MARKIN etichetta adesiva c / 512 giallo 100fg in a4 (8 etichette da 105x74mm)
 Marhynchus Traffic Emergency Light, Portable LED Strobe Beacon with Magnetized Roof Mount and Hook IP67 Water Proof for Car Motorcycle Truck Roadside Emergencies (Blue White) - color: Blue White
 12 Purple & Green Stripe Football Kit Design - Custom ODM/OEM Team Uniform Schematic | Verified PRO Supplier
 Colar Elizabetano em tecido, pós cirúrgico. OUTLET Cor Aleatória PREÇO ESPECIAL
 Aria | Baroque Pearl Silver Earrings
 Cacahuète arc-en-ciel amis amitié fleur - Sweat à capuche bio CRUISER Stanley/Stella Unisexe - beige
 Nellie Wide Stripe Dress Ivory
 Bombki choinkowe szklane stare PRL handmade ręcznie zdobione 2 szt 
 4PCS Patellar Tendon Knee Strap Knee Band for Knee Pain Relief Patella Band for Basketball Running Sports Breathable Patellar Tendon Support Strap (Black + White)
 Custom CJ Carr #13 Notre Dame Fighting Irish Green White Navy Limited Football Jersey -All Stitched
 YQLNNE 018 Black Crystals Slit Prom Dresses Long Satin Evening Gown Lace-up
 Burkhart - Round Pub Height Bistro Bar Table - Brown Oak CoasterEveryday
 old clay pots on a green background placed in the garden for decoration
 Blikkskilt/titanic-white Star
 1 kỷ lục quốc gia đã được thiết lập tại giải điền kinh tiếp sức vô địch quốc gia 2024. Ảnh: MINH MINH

· · · ·

- [ACTIVITY]: What are the lines above, starting at the one with "Marhynchus Traffic Emergency" and ending at the one with "12 Purple &"? Give them again exactly, and only them.

- [SOLUTION FOR THIS PROBLEM]:
 Marhynchus Traffic Emergency Light, Portable LED Strobe Beacon with Magnetized Roof Mount and Hook IP67 Water Proof for Car Motorcycle Truck Roadside Emergencies (Blue White) - color: Blue White
 12 Purple & Green Stripe Football Kit Design - Custom ODM/OEM Team Uniform Schematic | Verified PRO Supplier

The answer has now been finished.